Ron Huibers, senior vice president, sales and marketing, at Volvo Trucks North America, like Mack a subsidiary of Volvo AB, said that demand has continued to “drive orders” for the company.
“Volvo Trucks’ . . . operations have allowed us to meet increased demand . . . and adjust production to ensure timely delivery to our customers,” Huibers told TT.
Roy Wiley, spokesman for Navistar Inc., which builds International trucks, said that the company’s Class 8 orders were up, but Navistar already announced it was increasing its production capacity by 40%.
“This is good news, and it’s no problems for production,” Wiley told TT. “We can produce as many trucks as we get orders for.”
He added that Navistar was “back-loading production into the second half of our fiscal year. We don’t go into numbers.”
“The lead time for extending orders of new equipment has stretched out because the order intake has grown tremendously over the past four months,” Kyle Treadway, president of Kenworth Sales Co., West Valley City, Utah, said.
He said that the wait time was generally four months instead of six.
Treadway said that Kenworth Sales, which has 10 locations in Mountain and Western states, has increased its inventory of new trucks with the return of Class 8 demand.
“Fleets that buy from inventory are generally repeat customers and we know what they like, so that we pick a spec that appeals to as much customers as possible,” Treadway told TT. He is also chairman of the American Truck Dealers association.
Treadway said fleets that bought batches of 10-to-20 trucks were different.
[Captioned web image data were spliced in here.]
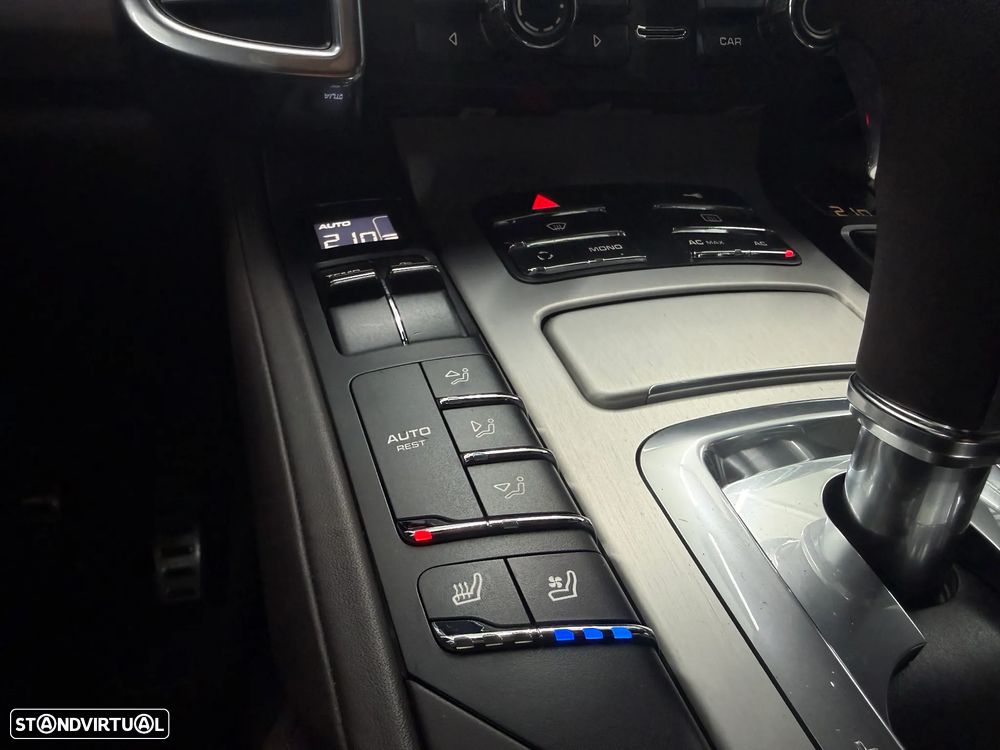 Porsche Cayenne S - 18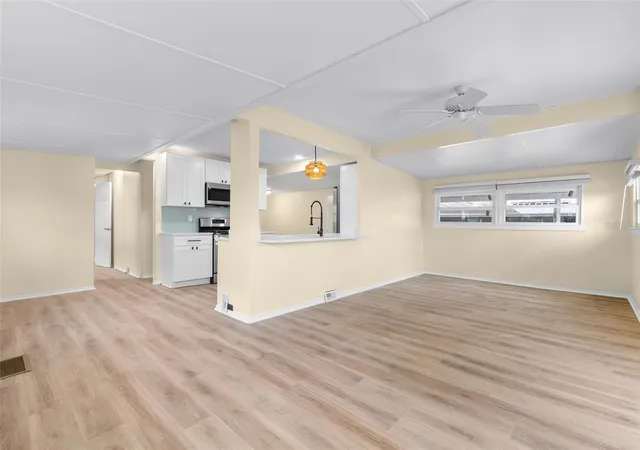 Photo 3 of Manufactured home for sale at 6830 Americana Dr NE #127, Saint Petersburg, FL 33702 | MLS# TB8554729 | Listing updated on 2026-10-04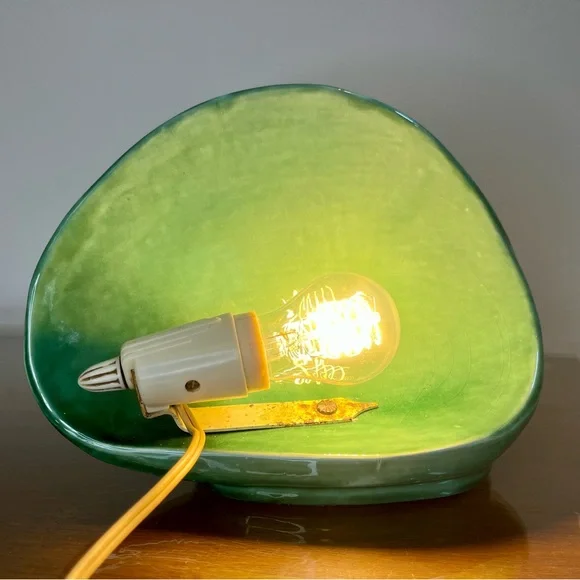 Vintage MCM TV Lamp - Planter, Green Drip Glaze, Shell Design Ambient Light Vibe - Picture 6 of 17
“They want them just the way they want them,” Treadway said. “That is not the inventory buyer.”
“Wait times are going back to historic norms,” Jack McDevitt Jr. owner of McDevitt Truck Sales, Manchester, N.H., told TT. “The wait time is now 90 to 120 days across the board, all within a couple weeks of each other.”
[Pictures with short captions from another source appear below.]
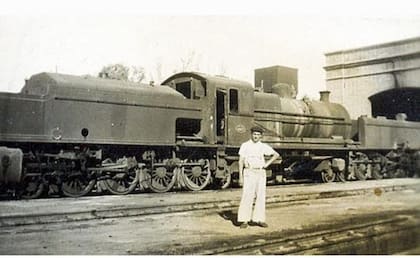 En su época de esplendor, en los talleres ferroviarios de Hucal llegaron a haber 15 locomotoras juntas, en forma simultánea
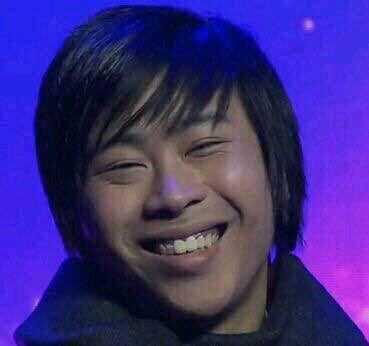 伞兵一号卢本伟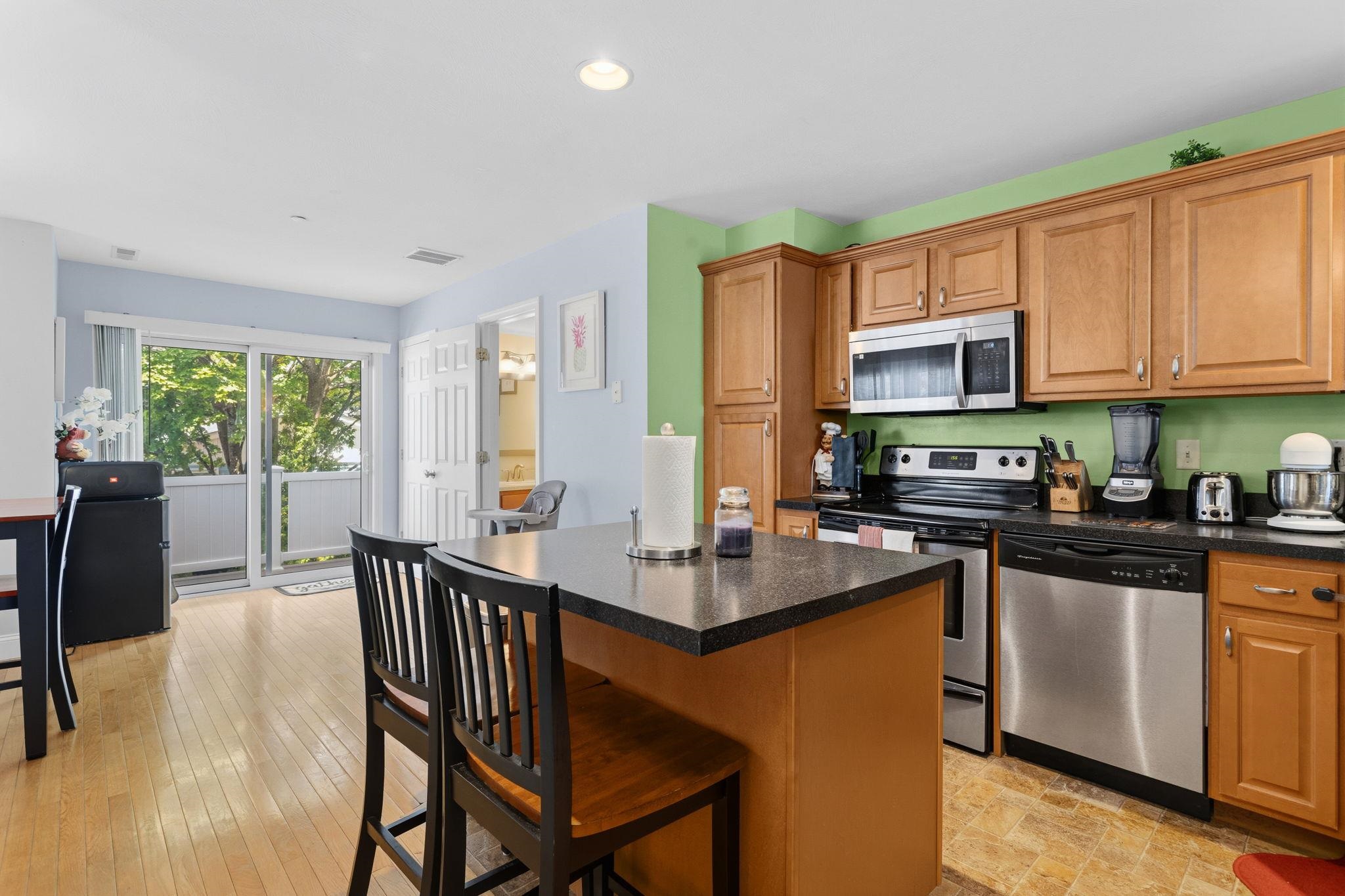 195 Silver Street, Unit 15 Manchester, NH 03103 - Photo 14 of 33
McDevitt Truck, which has two locations in New Hampshire and one in Massachusetts, is a dealer for Mack, Volvo, Peterbilt and Western Star trucks.
“We’re not at the point right now that I’m worried,” McDevitt added. “It was nice where we were able to get trucks built within 30 days, because that gave a tremendous competitive advantage.”
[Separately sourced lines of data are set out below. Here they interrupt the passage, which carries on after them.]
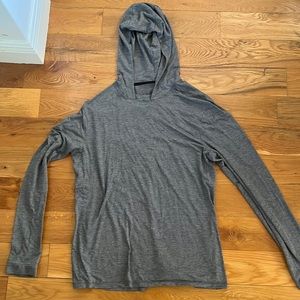 Lululemon lightweight hood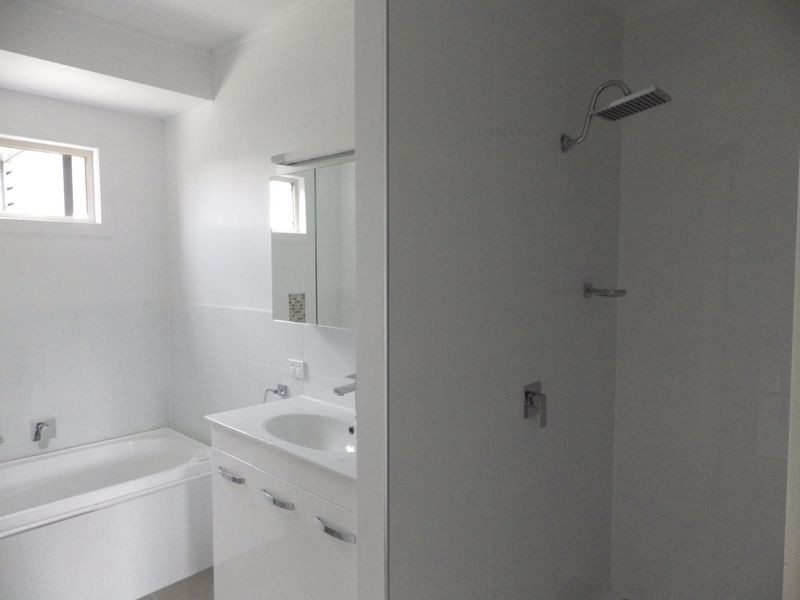 1 Saunders Street, Roma QLD 4455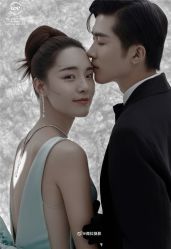 -至臻微拉婚纱摄影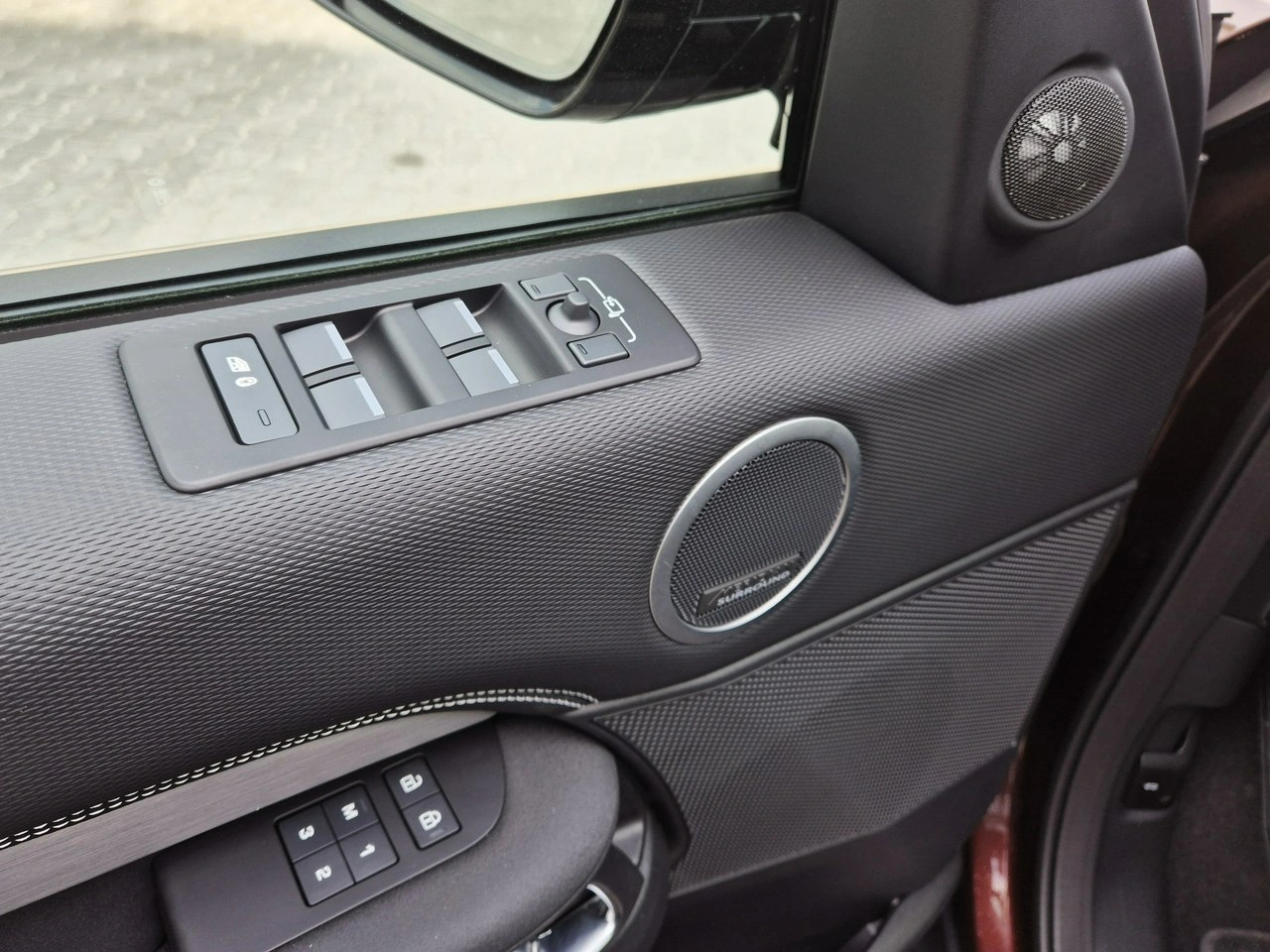 Land Rover Discovery - Zdjęcie 17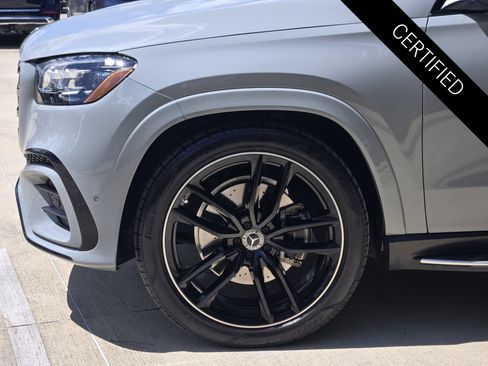 Used 2024 Mercedes-Benz GLS 580 4MATIC image 9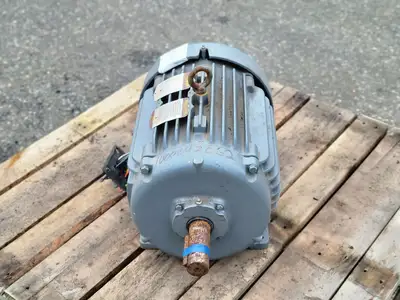 10-2.5 hp, 575 volts, 1765/880 rpm, 256T Electric Motor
“There were quite a few fleet orders early in the first quarter, but it slackened somewhat in March,” Jim Hartman, principal of Truck Enterprises, a Kenworth and Volvo dealer based in Harrisonburg, Va., told TT.
“We have a 90-to-120 day backlog, which is historically average and we have lived with it,” Hartman added.
“We’re primarily an over-the-road dealership so that we stock trucks that have most of the specs for that market,” he added. “If they want certain specs, they’ll be happy to live with 90 to 120 days lead time, which we have now.”
“The wait time is: We order today and get it in July,” Hoyt Rogers, president of Peterbilt of Memphis Inc., told TT. “The lead time has increased, but it’s okay.”